§ **What is needed**
Start at the first line of the material. Repeat each line exactly through the one containing "Изображение 4: Структура", then stop.

§ **Source data**
# # # # # # #

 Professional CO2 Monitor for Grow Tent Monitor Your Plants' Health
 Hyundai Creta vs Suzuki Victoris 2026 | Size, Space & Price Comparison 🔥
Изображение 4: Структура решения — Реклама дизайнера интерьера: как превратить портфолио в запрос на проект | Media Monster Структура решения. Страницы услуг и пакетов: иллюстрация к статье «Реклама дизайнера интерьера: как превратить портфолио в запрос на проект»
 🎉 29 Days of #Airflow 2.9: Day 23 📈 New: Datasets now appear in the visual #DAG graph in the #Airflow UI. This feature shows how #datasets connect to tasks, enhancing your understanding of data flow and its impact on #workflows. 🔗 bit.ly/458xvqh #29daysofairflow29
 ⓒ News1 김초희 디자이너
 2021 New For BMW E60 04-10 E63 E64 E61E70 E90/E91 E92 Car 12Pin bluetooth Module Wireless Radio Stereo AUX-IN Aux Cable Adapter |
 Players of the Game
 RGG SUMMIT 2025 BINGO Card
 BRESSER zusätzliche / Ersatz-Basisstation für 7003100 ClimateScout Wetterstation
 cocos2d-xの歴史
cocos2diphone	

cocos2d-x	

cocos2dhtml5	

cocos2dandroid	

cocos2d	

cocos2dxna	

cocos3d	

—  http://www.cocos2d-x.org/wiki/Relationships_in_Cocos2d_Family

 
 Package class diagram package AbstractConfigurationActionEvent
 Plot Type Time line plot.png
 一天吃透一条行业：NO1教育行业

# # # # # # #

§ **Output below**
 Professional CO2 Monitor for Grow Tent Monitor Your Plants' Health
 Hyundai Creta vs Suzuki Victoris 2026 | Size, Space & Price Comparison 🔥
Изображение 4: Структура решения — Реклама дизайнера интерьера: как превратить портфолио в запрос на проект | Media Monster Структура решения. Страницы услуг и пакетов: иллюстрация к статье «Реклама дизайнера интерьера: как превратить портфолио в запрос на проект»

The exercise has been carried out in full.